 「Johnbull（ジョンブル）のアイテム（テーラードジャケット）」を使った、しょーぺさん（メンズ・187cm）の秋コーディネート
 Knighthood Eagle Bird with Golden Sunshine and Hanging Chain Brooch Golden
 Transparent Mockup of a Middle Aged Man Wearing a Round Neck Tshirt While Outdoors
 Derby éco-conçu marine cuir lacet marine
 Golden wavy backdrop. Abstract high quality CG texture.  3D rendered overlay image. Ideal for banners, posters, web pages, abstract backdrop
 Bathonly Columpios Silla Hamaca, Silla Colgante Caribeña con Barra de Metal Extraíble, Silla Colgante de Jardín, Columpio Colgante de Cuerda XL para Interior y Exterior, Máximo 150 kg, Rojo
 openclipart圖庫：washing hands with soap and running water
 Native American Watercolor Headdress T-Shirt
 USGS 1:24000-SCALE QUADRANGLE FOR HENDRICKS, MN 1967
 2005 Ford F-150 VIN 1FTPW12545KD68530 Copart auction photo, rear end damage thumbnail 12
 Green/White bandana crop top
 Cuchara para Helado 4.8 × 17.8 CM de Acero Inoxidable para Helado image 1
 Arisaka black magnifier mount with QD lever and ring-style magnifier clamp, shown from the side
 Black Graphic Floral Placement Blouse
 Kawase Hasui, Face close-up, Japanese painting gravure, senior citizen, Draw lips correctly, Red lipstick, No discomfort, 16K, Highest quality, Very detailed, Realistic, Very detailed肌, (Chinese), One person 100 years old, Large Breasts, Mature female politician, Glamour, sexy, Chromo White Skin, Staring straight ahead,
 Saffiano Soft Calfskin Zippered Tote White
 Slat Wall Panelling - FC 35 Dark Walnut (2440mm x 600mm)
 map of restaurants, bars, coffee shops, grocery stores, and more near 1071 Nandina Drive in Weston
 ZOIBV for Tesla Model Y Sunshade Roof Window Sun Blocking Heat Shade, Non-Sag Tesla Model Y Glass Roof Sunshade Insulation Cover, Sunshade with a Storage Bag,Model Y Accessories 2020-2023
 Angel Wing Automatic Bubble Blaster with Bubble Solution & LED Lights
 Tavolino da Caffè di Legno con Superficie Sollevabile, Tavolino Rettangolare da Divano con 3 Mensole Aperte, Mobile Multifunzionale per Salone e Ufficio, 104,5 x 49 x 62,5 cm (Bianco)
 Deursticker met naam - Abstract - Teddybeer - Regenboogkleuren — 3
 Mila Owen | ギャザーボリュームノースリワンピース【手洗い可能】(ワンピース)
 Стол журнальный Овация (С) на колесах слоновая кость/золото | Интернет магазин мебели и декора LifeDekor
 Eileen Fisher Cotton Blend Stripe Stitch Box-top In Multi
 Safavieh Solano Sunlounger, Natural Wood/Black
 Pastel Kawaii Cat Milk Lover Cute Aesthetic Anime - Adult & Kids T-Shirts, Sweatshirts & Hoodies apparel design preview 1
^^^^^^^^
▶ **YOUR ASSIGNMENT**
Could you return exactly the stretch of the data above that starts at the line with "Mila Owen | ギャザーボリュームノースリワンピース【手洗い可能】(ワンピース)" and ends at the line with "Safavieh Solano Sunlounger, Natural", both lines included?

▶ **ANSWER FOR THIS EXERCISE**
 Mila Owen | ギャザーボリュームノースリワンピース【手洗い可能】(ワンピース)
 Стол журнальный Овация (С) на колесах слоновая кость/золото | Интернет магазин мебели и декора LifeDekor
 Eileen Fisher Cotton Blend Stripe Stitch Box-top In Multi
 Safavieh Solano Sunlounger, Natural Wood/Black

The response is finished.